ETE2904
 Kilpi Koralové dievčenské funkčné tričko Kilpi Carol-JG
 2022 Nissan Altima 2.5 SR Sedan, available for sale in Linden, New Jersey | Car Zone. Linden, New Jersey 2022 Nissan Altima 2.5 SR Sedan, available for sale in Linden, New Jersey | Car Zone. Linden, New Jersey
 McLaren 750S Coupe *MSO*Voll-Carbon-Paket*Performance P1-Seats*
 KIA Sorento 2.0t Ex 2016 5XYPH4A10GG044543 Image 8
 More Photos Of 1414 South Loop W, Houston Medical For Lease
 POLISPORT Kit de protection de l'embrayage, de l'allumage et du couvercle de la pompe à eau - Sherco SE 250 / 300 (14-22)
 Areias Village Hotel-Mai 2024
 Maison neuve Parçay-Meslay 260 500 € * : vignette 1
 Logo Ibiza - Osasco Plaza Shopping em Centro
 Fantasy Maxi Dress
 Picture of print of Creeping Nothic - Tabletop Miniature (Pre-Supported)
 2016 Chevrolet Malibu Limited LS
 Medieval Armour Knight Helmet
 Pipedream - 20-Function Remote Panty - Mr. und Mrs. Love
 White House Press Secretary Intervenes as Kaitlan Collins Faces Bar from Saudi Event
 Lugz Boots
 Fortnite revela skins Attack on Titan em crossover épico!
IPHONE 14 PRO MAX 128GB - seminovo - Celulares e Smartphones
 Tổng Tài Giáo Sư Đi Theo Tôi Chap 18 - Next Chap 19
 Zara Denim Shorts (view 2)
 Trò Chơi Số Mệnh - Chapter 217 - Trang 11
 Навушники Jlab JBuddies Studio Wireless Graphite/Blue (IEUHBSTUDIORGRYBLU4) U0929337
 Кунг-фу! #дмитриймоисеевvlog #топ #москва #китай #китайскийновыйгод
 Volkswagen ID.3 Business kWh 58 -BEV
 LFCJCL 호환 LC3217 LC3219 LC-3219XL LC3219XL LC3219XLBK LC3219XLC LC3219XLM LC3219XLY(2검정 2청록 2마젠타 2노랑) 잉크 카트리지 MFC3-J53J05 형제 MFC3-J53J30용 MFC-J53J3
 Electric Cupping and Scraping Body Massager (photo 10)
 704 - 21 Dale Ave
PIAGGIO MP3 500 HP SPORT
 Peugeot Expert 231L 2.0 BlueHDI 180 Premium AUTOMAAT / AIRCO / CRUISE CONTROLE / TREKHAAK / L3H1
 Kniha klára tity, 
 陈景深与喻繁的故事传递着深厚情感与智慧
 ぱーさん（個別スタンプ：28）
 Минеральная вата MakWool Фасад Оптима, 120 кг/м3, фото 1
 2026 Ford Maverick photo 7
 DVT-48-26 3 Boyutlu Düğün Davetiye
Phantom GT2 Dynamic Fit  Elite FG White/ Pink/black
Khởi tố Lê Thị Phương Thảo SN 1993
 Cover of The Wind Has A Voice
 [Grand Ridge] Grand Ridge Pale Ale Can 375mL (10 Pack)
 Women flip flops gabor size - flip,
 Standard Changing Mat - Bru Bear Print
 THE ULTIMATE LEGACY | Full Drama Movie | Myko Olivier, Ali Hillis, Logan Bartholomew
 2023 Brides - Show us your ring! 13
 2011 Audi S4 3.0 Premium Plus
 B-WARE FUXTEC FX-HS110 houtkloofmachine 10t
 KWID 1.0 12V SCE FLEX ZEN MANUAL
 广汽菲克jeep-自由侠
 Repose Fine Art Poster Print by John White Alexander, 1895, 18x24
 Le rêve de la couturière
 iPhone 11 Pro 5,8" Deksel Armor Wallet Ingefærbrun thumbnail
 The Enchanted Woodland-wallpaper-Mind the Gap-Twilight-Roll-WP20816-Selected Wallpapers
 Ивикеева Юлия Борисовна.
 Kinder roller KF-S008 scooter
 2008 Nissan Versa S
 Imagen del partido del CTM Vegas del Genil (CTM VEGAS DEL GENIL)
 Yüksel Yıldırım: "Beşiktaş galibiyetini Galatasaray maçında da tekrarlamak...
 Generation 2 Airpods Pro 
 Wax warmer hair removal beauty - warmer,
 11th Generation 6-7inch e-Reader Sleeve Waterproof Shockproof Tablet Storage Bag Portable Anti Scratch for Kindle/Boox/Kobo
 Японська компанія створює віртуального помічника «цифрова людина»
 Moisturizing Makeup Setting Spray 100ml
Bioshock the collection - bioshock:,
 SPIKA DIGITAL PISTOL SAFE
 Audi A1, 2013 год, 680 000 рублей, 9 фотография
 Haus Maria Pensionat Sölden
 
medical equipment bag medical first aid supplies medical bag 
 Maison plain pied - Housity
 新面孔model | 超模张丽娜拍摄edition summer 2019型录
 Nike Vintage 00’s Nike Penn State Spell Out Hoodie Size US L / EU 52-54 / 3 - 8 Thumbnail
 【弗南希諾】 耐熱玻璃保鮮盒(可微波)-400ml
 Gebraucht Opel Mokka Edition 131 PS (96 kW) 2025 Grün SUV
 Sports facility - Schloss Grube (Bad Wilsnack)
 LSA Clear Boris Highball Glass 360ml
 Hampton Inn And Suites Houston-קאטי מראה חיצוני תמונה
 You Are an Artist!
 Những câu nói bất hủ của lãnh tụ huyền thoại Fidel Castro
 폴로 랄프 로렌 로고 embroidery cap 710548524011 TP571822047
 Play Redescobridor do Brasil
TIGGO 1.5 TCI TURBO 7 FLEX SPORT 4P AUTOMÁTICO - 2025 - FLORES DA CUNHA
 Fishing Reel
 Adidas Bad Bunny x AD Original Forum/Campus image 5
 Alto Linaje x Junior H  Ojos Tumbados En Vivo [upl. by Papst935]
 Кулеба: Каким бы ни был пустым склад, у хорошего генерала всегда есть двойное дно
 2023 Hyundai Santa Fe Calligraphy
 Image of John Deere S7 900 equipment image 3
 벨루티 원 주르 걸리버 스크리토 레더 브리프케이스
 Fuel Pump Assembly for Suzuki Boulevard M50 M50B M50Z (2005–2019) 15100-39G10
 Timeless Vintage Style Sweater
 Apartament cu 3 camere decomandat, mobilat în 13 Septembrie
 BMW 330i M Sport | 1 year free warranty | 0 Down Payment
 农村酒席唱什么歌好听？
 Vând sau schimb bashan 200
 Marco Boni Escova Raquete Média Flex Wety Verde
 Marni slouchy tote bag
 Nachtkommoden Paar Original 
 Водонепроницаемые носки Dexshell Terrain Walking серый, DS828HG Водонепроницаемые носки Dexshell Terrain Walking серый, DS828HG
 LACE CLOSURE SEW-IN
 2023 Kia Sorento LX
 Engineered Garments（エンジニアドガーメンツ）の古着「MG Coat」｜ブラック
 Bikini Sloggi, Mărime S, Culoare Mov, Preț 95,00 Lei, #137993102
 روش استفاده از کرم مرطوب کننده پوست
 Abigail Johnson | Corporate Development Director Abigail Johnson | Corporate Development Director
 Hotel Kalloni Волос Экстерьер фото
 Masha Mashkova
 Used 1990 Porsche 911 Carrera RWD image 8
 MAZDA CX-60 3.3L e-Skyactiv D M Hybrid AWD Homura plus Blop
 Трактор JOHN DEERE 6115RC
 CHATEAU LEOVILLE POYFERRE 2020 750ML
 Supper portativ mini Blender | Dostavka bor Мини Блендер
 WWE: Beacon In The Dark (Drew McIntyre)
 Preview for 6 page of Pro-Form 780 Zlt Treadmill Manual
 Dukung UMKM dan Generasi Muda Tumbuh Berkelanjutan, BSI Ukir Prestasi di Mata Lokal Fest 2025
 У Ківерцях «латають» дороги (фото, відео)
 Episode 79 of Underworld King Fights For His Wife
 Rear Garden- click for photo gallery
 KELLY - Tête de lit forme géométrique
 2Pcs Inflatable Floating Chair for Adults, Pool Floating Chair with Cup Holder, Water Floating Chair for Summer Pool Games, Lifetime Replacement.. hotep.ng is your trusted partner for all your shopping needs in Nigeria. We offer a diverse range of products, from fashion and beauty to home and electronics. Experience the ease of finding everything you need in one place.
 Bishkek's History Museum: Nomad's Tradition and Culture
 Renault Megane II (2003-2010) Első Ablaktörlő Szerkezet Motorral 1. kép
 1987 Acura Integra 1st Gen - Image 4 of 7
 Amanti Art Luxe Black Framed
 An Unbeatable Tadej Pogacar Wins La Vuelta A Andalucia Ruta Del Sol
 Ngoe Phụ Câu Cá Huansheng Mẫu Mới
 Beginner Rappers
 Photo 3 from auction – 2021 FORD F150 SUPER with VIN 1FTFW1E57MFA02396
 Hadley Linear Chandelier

□ □ □ □ □

Work instruction
When you reach the line containing "Abigail Johnson | Corporate Development Director Abigail" in the data above, start copying exactly, and stop after the line containing "MAZDA CX-60 3.3L".

Exercise response
 Abigail Johnson | Corporate Development Director Abigail Johnson | Corporate Development Director
 Hotel Kalloni Волос Экстерьер фото
 Masha Mashkova
 Used 1990 Porsche 911 Carrera RWD image 8
 MAZDA CX-60 3.3L e-Skyactiv D M Hybrid AWD Homura plus Blop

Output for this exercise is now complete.